Everyone is complaining about the rain, the gray, the cold, the non-summer season we are experiencing here in the Northwest. In the rest of the country there is the searing heat. It is easy to complain about the weather. There is no immediate target for blame (the issue of climate change aside). There is no compulsion for the conscientious to write a letter to a senator or representative, or the editor of a local paper, no need to change political parties, or join an organization for change. There isn't much we can do that will change the weather in the immediate future. And yet there are oodles of forums and blogs on the Internet discussing weather. We have a lot to say and a fascination with something we have very little control over. I do not mean we do not impact climate, but the day-to-day weather is beyond our immediate reach for management.

In all that it does, Nature has a remarkable way providing us opportunities for learning and introspection. Weather is no exception. Acceptance? Resignation? How un-American! We are a culture of action - if you are unhappy, do something about it! I'm reminded of cultures who live with dramatic, extreme weather every year - monsoons, sandstorms, unbearable heat one season, frigid cold the next. People who live with these extremes have adapted to them, have rituals, methods of survival, developed a level of sustainability that has lasted for centuries - when the climate anomalies happen, the expected monsoon does not come, the temperatures modify, plants that have adapted don't flourish, nor do the animals and people dependent upon them, sustainability falters.

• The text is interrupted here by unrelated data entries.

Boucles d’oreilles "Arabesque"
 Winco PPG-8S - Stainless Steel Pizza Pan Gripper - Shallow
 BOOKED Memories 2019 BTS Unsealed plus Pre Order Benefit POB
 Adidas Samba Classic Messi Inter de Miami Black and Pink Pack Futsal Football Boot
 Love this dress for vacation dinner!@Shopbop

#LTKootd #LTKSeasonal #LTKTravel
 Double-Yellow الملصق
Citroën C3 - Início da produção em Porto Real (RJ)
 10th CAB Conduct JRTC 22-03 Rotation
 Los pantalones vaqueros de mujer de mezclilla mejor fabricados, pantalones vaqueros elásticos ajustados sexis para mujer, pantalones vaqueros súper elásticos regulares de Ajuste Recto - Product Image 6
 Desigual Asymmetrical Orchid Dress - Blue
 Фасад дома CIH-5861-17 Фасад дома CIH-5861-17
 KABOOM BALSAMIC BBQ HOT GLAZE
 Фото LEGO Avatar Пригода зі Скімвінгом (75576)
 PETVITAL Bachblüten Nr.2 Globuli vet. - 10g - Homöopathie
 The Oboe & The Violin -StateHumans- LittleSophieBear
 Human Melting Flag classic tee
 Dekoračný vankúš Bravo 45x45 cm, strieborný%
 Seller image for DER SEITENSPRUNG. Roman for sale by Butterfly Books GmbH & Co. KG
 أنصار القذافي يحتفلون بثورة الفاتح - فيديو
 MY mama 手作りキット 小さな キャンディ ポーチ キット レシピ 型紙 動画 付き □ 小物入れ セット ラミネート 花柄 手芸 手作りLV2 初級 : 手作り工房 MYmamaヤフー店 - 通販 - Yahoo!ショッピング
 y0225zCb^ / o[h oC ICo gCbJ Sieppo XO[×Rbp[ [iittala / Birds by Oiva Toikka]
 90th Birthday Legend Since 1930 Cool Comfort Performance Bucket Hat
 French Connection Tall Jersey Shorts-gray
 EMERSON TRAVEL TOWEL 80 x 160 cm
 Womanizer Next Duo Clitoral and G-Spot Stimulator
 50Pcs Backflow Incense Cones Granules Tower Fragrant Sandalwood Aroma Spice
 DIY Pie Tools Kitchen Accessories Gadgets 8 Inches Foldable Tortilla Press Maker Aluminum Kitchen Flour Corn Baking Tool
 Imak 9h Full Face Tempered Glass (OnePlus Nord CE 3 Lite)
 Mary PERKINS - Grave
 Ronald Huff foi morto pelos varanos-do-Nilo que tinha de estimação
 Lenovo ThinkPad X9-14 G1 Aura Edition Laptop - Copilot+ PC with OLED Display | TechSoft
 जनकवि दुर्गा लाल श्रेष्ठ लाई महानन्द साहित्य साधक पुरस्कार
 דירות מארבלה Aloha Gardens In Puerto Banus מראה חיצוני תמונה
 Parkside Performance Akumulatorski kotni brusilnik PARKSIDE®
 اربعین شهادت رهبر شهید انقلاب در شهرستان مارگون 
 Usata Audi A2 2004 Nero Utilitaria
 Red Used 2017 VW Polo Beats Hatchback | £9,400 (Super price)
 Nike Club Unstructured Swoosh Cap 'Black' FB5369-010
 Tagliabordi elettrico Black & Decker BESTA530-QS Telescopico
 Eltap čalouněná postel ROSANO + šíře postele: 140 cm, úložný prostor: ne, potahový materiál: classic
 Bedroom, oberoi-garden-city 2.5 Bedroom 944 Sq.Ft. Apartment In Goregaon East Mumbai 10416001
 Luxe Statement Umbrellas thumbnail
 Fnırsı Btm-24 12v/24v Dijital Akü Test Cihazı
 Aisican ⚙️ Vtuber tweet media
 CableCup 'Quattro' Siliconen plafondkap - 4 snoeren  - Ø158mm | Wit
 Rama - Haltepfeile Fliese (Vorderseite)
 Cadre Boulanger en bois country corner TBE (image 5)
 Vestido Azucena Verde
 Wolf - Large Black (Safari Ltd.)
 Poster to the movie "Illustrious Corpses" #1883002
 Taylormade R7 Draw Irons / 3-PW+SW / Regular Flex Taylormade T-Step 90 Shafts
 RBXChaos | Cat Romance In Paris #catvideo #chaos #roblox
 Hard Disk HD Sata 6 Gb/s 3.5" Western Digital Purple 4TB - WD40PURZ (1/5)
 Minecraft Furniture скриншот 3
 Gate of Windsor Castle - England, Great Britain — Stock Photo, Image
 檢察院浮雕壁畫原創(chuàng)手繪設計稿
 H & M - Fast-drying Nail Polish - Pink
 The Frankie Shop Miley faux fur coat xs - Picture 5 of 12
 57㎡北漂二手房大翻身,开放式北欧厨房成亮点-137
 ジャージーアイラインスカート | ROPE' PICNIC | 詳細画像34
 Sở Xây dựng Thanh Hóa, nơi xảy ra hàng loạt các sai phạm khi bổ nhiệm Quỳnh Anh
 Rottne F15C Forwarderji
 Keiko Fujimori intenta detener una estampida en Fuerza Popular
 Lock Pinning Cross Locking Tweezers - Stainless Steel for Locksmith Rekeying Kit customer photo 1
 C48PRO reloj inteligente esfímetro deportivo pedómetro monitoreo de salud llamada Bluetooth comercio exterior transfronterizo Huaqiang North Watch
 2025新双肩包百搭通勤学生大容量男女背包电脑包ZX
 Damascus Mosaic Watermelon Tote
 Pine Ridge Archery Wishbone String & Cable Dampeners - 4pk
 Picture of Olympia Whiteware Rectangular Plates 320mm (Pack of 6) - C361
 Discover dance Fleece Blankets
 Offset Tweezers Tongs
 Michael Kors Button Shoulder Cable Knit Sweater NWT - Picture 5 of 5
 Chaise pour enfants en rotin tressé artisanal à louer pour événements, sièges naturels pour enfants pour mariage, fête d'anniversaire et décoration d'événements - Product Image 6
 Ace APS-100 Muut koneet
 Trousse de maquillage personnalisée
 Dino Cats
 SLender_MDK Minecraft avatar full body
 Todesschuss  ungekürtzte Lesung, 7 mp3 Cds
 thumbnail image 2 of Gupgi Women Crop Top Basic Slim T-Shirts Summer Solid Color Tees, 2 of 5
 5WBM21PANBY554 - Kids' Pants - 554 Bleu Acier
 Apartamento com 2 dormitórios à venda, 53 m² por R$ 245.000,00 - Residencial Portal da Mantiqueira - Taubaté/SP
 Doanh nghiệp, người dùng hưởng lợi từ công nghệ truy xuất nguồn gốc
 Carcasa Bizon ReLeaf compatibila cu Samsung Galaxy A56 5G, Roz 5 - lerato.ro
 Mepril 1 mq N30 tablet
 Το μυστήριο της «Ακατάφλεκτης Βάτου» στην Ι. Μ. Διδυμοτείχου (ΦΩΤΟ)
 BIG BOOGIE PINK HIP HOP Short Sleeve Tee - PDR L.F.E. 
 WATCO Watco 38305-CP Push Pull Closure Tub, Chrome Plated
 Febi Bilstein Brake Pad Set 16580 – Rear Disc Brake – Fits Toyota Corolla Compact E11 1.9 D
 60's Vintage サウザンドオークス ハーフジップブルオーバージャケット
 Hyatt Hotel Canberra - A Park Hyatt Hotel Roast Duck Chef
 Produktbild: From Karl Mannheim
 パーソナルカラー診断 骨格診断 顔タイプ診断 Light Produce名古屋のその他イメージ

Our weather anomalies, still within the temperate zone, have a less dramatic affect on us - or do they? Will produce prices rise with smaller harvestable crops this year, due to lack of sun in the west, or rain in the heartlands? Could there actually be a shortage of food? Are we also susceptible to our basic survival needs being threatened by this unusual weather year? There is some evidence this can happen from past years when weather did affected crops, or increased fuel demand, causing supplies to decreased and prices to increased. The dust bowl of the 30s was certainly a time weather seriously affected many lives. Perhaps basic survival instincts are the deeper, unconscious, reason for our complaining, not the wedding that gets rained on, the vacation plans that need to be adjusted, the hike that is canceled.

It isn't likely our survival is at risk from food shortages, as much as it might be at risk from our lack of adaptability, which obviously is a survival tool applicable in multiple areas of life. The need to adapt to the long range changes in our culture, economy, personal lives may be more critical than adapting to a freaky weather year. We have, as a society, perhaps been lulled into thinking we should have things a certain way. The weather may be giving us an opportunity to strengthen our adaptability muscles.

Maybe we just like to complain about something we can't change, leaving us with one option - changing ourselves - our perspective and attitude.

It's stopped raining, think I'll go out and enjoy a beautiful wet, windy gray summer day!

Post Script: The sun appeared!



Honeysuckle does not seem to mind the gray - and the hummingbirds love the honeysuckle!